- Data
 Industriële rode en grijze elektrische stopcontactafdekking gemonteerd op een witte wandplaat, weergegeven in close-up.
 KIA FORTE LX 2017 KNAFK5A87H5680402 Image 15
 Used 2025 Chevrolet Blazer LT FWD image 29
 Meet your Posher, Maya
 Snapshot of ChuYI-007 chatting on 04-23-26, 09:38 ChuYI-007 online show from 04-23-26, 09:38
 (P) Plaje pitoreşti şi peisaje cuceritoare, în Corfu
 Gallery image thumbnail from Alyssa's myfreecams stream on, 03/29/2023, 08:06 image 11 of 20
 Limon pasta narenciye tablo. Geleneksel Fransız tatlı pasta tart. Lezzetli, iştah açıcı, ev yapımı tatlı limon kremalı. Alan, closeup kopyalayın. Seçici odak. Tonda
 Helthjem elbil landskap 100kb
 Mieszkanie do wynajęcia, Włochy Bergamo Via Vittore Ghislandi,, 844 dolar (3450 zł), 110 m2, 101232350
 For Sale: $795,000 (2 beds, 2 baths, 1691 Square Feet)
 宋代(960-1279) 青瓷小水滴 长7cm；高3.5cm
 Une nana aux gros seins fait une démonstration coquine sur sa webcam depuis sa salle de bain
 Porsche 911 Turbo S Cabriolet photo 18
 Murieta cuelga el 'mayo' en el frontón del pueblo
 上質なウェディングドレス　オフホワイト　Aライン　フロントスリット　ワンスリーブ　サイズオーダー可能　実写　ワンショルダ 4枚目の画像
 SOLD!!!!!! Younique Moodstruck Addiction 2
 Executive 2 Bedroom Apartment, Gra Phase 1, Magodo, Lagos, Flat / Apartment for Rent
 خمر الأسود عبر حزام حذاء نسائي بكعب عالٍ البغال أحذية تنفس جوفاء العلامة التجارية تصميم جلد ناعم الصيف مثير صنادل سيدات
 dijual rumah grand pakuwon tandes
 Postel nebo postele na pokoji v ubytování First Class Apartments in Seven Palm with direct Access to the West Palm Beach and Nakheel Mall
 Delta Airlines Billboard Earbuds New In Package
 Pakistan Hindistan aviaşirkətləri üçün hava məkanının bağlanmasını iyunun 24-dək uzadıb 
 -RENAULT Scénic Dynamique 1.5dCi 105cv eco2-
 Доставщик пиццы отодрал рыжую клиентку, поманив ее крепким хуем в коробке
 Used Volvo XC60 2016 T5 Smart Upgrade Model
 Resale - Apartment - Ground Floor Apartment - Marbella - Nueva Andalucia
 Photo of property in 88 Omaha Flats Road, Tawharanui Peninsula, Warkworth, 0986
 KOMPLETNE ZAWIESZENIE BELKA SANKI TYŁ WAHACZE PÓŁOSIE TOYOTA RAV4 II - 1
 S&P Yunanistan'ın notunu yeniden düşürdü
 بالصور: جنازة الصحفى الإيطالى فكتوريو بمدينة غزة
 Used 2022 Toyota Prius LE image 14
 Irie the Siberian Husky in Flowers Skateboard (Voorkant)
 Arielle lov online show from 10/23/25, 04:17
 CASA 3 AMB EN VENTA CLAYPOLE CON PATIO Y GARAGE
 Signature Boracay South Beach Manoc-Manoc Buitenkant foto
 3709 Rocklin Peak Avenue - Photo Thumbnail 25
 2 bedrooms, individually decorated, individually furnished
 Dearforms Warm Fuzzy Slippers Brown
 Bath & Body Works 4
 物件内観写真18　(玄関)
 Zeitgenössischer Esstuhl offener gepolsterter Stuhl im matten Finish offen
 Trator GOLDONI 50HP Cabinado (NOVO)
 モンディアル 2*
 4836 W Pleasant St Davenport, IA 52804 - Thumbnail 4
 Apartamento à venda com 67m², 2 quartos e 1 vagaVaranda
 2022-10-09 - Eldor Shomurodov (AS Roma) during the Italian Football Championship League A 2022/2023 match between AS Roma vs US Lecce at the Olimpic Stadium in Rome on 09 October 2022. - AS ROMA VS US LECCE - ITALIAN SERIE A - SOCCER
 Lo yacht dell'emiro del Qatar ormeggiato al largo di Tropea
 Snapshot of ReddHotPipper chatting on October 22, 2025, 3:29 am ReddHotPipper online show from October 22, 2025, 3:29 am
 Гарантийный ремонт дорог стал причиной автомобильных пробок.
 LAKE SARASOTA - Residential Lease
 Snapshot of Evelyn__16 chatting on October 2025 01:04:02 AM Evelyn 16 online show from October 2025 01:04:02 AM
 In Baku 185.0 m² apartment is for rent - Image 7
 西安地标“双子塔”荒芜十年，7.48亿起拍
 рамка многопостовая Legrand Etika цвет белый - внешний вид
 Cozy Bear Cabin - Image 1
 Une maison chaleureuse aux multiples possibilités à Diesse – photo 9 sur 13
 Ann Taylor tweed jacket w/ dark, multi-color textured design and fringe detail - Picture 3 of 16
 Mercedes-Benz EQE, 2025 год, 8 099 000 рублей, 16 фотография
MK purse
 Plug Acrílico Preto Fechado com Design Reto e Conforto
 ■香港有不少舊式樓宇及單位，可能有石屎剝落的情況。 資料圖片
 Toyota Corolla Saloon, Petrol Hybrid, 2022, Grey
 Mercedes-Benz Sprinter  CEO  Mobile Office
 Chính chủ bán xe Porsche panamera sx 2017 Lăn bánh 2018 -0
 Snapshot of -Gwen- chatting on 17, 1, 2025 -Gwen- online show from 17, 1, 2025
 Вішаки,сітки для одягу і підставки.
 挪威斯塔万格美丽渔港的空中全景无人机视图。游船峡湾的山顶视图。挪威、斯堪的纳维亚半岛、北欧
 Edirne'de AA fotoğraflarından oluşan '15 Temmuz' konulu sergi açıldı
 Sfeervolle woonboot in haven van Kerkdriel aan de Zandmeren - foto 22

- Your instructions
A verbatim transcription is needed of the lines above, starting at the line with "For Sale: $795,000" and ending at the line with "Photo of property", both included, and of nothing else.

- Written answer
 For Sale: $795,000 (2 beds, 2 baths, 1691 Square Feet)
 宋代(960-1279) 青瓷小水滴 长7cm；高3.5cm
 Une nana aux gros seins fait une démonstration coquine sur sa webcam depuis sa salle de bain
 Porsche 911 Turbo S Cabriolet photo 18
 Murieta cuelga el 'mayo' en el frontón del pueblo
 上質なウェディングドレス　オフホワイト　Aライン　フロントスリット　ワンスリーブ　サイズオーダー可能　実写　ワンショルダ 4枚目の画像
 SOLD!!!!!! Younique Moodstruck Addiction 2
 Executive 2 Bedroom Apartment, Gra Phase 1, Magodo, Lagos, Flat / Apartment for Rent
 خمر الأسود عبر حزام حذاء نسائي بكعب عالٍ البغال أحذية تنفس جوفاء العلامة التجارية تصميم جلد ناعم الصيف مثير صنادل سيدات
 dijual rumah grand pakuwon tandes
 Postel nebo postele na pokoji v ubytování First Class Apartments in Seven Palm with direct Access to the West Palm Beach and Nakheel Mall
 Delta Airlines Billboard Earbuds New In Package
 Pakistan Hindistan aviaşirkətləri üçün hava məkanının bağlanmasını iyunun 24-dək uzadıb 
 -RENAULT Scénic Dynamique 1.5dCi 105cv eco2-
 Доставщик пиццы отодрал рыжую клиентку, поманив ее крепким хуем в коробке
 Used Volvo XC60 2016 T5 Smart Upgrade Model
 Resale - Apartment - Ground Floor Apartment - Marbella - Nueva Andalucia
 Photo of property in 88 Omaha Flats Road, Tawharanui Peninsula, Warkworth, 0986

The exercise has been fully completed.